Then, he slipped out of his shined leather shoes, his slim-fit gray vest and the matching trousers he’d worn for the trip to Fort Monroe, on the Virginia coast, for a commemoration marking 400 years since the arrival of the first Africans enslaved in what would become America.
As Rogers stepped into a pair of mahogany cotton trousers, borrowed from the American Civil War Museum’s replica clothing collection, this 21st-century black man — with a cloud-based calendar full of obligations and a habit of walking double-time, chest out, shoulders back — began to recede. Rogers was approaching character now, ready to embody a 19th-century slave.
“I am James Apostle Fields,” Rogers said slowly, almost haltingly, to a woman who inquired about his outfit just outside the men’s room where he’d changed. Then Rogers shifted back to his own voice. “I’ll be portraying Fields,” he told the woman, “my ancestor, an enslaved man who during Reconstruction was elected to the Virginia Legislature.”

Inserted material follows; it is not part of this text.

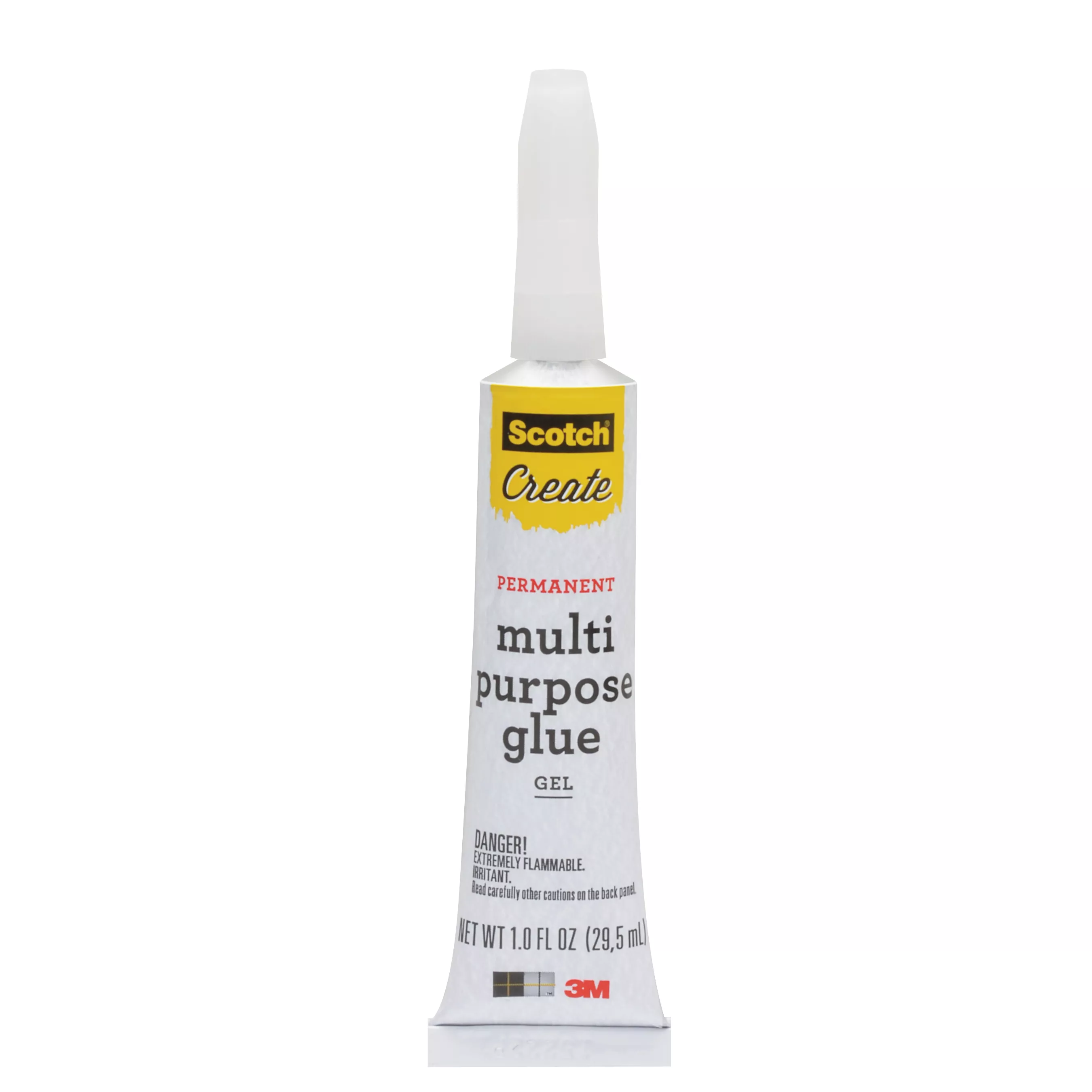 SKU 7100075951 | Scotch® Multi-Purpose Glue 6047-CFT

Rogers, 28, lives in Richmond, about an hour and a half west of the coast. On Saturday, Aug. 24, he was one of about a half-dozen people stationed around Fort Monroe to provide what is known as a living history interpretation during a federal 1619 commemorative event.
Rogers works full time as a tour guide at the White House of the Confederacy, guiding groups through the three-story structure where Confederate President Jefferson Davis and his family lived during the Civil War, offering a deeper and more troubling account than often found in romanticized stories of plantation life. But he has also developed a specialty in animating the sometimes free but more often enslaved black men and women whose names and experiences, struggles and insights have been lost or intentionally excluded from common understandings of American history.
Rogers is one of at least dozens of people who do historical interpretation work by acting as slaves at public and private historical sites around the country. At Colonial Williamsburg, where more than half a million people visited last year, enslaved and free black historical figures have been a part of the experience for 40 years.
But the work is trying. Some historical interpreters at Colonial Williamsburg have described white visitors who touched them without request like animals, asked if they could be purchased, yelled racial slurs and whistled “Dixie,” according to Trend and Tradition, the historic site’s quarterly magazine.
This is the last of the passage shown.